Records shown Block Start
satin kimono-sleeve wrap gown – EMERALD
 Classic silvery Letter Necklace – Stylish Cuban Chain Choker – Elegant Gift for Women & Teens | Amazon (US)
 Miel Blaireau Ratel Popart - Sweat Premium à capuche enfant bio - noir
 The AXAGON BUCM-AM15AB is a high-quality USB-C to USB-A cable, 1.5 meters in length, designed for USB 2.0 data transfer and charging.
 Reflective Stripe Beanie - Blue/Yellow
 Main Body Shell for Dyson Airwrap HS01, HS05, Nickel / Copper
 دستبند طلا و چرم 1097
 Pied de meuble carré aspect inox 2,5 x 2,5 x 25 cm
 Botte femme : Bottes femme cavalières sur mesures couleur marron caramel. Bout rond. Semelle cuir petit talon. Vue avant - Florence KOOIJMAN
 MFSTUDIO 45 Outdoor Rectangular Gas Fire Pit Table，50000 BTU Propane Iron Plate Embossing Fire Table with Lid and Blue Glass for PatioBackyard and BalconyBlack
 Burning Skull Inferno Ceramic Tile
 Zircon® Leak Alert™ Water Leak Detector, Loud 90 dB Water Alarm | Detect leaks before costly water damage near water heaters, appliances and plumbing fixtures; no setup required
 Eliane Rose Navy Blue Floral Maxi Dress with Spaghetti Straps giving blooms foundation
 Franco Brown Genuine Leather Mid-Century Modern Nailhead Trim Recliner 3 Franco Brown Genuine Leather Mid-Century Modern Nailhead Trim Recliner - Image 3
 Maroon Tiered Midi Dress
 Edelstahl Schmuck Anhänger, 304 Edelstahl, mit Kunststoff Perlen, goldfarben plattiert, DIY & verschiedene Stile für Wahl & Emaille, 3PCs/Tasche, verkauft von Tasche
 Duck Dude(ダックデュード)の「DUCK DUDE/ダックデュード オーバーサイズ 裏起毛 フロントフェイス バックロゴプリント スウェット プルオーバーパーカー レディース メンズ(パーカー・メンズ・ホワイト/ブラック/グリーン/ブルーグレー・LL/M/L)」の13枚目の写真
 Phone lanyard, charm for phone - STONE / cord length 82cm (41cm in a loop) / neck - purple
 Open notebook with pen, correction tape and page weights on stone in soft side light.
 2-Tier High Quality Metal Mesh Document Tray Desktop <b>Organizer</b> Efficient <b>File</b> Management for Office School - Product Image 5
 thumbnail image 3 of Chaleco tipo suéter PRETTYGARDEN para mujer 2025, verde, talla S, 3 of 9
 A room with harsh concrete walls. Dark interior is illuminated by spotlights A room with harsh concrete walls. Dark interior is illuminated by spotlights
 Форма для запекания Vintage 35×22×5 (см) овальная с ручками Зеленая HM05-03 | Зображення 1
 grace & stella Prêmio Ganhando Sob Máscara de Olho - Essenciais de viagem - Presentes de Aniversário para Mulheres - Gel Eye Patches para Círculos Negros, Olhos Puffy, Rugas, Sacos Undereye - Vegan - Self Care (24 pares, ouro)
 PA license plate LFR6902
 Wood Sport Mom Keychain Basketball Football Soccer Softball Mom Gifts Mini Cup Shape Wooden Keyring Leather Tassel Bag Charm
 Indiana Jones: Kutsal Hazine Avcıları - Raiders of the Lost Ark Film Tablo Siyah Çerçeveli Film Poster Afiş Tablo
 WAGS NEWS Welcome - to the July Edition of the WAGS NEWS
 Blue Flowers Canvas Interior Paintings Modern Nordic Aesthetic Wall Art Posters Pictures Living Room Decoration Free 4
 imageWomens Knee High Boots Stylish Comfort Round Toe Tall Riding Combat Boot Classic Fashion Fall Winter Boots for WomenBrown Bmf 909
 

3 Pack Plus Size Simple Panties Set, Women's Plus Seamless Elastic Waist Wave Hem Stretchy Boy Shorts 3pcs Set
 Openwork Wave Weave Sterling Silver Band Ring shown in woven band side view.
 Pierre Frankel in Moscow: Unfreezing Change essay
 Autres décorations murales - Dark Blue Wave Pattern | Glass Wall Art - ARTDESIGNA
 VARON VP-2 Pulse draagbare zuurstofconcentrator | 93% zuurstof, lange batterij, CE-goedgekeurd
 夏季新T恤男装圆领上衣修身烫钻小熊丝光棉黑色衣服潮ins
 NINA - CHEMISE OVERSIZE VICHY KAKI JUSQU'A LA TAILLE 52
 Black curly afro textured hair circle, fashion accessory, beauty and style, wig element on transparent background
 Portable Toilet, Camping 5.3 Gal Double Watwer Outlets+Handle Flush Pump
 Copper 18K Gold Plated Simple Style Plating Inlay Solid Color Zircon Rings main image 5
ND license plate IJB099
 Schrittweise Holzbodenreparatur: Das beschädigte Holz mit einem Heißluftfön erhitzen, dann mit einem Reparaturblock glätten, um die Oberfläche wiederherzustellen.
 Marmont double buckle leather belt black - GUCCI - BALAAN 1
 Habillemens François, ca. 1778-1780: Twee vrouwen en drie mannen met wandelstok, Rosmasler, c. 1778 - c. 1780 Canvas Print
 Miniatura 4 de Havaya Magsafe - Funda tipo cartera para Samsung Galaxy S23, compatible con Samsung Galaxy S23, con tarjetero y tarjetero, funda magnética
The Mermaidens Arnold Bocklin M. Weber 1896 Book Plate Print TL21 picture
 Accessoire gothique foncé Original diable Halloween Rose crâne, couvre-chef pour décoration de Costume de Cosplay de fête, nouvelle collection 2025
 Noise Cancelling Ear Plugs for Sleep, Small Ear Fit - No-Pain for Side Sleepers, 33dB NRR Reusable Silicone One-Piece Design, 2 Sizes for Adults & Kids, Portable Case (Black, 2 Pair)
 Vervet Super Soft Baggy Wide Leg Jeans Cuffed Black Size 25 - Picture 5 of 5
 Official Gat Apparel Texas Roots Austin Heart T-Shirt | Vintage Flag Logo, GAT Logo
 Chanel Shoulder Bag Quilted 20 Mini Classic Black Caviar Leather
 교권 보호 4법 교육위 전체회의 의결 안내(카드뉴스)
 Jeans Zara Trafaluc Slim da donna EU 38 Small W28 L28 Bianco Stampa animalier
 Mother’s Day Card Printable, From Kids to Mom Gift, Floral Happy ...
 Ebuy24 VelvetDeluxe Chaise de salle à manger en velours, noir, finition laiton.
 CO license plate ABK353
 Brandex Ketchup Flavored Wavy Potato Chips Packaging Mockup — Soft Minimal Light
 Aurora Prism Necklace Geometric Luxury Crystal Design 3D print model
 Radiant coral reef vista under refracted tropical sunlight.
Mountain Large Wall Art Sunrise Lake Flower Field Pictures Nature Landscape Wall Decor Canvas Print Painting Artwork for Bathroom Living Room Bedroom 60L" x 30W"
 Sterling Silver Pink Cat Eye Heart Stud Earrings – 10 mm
Records shown Block End
#### Aim of the task:
Going down from the first line of the entries above, restate each line word for word until the line holding "Miel Blaireau Ratel" is done.

#### Exercise answer:
satin kimono-sleeve wrap gown – EMERALD
 Classic silvery Letter Necklace – Stylish Cuban Chain Choker – Elegant Gift for Women & Teens | Amazon (US)
 Miel Blaireau Ratel Popart - Sweat Premium à capuche enfant bio - noir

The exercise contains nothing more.